■ **Exercise aim**
Beginning with the first line of the data below, extract each line up to and including the one containing "开云下载平台推荐：如何安全快速地获取最新应用和游戏资源". Copy them exactly and add nothing.

[[ Extracted entries open ]]

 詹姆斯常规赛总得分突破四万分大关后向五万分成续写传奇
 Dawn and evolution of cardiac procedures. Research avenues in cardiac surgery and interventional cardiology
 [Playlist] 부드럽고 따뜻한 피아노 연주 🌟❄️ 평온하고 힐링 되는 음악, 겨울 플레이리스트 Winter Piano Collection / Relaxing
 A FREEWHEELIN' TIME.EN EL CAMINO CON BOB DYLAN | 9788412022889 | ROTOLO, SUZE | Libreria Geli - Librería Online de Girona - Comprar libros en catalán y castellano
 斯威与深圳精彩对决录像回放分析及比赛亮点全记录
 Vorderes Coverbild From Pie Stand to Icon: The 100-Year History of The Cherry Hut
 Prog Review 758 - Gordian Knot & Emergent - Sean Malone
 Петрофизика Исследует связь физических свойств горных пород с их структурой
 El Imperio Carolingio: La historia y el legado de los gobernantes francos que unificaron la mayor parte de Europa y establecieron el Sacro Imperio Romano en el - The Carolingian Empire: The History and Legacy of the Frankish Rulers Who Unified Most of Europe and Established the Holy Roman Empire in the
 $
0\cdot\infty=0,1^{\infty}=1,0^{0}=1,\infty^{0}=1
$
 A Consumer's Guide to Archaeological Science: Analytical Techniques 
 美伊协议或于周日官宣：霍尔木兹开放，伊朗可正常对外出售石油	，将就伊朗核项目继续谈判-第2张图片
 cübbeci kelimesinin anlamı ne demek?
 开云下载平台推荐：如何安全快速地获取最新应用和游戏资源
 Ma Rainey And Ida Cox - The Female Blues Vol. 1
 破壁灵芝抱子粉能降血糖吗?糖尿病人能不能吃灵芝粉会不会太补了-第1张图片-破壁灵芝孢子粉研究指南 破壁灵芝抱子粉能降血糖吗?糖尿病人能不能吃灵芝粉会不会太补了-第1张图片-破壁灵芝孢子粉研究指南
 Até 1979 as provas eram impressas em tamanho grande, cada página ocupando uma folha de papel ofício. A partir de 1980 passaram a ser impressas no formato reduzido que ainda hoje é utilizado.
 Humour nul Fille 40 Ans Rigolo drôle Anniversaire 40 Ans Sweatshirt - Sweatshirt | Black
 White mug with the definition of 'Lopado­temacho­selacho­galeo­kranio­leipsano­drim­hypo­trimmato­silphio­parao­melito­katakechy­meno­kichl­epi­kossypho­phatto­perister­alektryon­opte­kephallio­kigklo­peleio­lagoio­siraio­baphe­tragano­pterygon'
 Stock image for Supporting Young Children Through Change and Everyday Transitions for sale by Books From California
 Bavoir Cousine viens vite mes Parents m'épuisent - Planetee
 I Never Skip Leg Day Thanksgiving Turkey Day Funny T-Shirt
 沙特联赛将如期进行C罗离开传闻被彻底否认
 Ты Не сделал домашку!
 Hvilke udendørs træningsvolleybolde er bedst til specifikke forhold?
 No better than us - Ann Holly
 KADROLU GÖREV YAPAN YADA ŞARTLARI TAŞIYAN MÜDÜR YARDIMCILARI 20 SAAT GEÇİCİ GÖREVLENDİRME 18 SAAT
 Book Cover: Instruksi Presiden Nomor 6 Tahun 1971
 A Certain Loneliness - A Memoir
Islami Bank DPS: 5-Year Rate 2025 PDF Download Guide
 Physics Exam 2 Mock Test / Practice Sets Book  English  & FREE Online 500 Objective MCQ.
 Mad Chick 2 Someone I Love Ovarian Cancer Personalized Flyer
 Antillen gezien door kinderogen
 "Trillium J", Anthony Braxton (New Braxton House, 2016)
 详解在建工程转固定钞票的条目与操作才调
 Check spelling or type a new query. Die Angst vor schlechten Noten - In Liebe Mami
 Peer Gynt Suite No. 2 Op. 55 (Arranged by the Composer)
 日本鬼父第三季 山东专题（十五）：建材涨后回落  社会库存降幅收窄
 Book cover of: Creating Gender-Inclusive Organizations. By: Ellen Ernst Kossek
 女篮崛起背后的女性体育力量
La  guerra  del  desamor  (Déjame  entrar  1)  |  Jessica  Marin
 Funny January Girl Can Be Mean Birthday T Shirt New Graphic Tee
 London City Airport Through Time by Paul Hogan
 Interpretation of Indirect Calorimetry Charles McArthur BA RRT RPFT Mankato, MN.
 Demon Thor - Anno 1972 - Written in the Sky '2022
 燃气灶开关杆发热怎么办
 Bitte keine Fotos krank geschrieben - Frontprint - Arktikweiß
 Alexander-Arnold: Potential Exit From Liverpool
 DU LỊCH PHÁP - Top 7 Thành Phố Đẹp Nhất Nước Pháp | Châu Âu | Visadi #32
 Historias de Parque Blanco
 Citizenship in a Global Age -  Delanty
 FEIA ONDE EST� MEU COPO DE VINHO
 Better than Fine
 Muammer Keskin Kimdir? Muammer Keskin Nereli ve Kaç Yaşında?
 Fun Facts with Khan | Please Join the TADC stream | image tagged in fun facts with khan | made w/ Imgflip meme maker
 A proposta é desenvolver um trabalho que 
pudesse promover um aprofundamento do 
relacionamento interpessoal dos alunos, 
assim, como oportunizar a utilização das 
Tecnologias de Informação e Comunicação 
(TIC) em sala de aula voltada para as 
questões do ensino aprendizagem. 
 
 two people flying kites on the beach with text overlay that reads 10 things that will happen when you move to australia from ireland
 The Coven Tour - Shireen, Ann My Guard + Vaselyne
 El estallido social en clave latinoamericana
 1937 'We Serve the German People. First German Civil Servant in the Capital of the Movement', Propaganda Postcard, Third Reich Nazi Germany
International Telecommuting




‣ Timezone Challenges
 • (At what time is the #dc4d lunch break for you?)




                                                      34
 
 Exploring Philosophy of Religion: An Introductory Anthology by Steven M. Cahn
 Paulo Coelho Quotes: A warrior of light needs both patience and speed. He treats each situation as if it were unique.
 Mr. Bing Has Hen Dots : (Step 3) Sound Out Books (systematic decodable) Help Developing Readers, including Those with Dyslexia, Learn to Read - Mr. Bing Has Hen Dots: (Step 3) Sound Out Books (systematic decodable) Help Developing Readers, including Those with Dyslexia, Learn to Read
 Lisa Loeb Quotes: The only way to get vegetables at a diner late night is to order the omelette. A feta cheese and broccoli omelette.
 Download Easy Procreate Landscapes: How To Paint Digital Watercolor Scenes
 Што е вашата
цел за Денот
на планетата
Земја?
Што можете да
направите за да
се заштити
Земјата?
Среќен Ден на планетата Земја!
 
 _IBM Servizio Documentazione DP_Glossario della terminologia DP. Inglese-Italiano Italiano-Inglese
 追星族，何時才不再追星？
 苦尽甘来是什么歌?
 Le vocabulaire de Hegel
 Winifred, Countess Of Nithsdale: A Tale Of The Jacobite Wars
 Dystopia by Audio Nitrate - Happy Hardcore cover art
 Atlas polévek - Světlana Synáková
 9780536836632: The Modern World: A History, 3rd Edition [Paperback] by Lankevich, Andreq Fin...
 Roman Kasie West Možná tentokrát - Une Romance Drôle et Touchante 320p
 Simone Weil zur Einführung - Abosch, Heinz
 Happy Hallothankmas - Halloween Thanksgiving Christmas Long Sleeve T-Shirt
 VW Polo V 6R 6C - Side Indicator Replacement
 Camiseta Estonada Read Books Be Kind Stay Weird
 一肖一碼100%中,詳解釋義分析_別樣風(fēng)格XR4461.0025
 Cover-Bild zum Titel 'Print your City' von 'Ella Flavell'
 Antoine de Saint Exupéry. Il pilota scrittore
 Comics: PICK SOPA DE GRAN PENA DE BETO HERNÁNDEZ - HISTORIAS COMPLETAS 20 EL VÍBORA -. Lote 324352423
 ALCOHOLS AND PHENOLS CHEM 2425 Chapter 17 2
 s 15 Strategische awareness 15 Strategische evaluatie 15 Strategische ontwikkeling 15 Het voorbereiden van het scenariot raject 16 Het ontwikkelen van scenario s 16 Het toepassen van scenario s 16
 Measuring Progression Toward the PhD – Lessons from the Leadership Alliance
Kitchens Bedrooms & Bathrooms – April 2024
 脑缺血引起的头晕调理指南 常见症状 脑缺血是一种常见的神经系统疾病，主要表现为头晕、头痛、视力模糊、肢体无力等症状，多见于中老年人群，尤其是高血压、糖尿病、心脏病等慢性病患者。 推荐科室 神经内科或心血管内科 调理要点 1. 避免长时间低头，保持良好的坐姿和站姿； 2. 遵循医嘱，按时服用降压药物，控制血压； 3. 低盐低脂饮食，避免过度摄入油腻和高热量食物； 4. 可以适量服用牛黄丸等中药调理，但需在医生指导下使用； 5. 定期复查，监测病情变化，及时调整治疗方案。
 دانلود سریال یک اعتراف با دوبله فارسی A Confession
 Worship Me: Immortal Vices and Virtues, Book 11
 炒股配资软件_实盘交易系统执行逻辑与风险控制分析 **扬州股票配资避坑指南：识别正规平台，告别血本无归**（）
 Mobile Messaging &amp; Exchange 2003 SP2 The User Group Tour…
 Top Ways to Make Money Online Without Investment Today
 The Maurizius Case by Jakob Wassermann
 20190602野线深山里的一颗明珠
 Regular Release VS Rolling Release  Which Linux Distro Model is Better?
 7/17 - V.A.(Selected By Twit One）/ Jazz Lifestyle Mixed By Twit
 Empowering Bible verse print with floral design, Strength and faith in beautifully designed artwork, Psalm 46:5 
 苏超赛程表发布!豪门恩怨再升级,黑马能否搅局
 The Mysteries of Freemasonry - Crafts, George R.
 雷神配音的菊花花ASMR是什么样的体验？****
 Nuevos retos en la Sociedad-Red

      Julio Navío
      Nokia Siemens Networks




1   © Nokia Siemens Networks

[[ Extracted entries closed ]]

■ **Answer box**
 詹姆斯常规赛总得分突破四万分大关后向五万分成续写传奇
 Dawn and evolution of cardiac procedures. Research avenues in cardiac surgery and interventional cardiology
 [Playlist] 부드럽고 따뜻한 피아노 연주 🌟❄️ 평온하고 힐링 되는 음악, 겨울 플레이리스트 Winter Piano Collection / Relaxing
 A FREEWHEELIN' TIME.EN EL CAMINO CON BOB DYLAN | 9788412022889 | ROTOLO, SUZE | Libreria Geli - Librería Online de Girona - Comprar libros en catalán y castellano
 斯威与深圳精彩对决录像回放分析及比赛亮点全记录
 Vorderes Coverbild From Pie Stand to Icon: The 100-Year History of The Cherry Hut
 Prog Review 758 - Gordian Knot & Emergent - Sean Malone
 Петрофизика Исследует связь физических свойств горных пород с их структурой
 El Imperio Carolingio: La historia y el legado de los gobernantes francos que unificaron la mayor parte de Europa y establecieron el Sacro Imperio Romano en el - The Carolingian Empire: The History and Legacy of the Frankish Rulers Who Unified Most of Europe and Established the Holy Roman Empire in the
 $
0\cdot\infty=0,1^{\infty}=1,0^{0}=1,\infty^{0}=1
$
 A Consumer's Guide to Archaeological Science: Analytical Techniques 
 美伊协议或于周日官宣：霍尔木兹开放，伊朗可正常对外出售石油	，将就伊朗核项目继续谈判-第2张图片
 cübbeci kelimesinin anlamı ne demek?
 开云下载平台推荐：如何安全快速地获取最新应用和游戏资源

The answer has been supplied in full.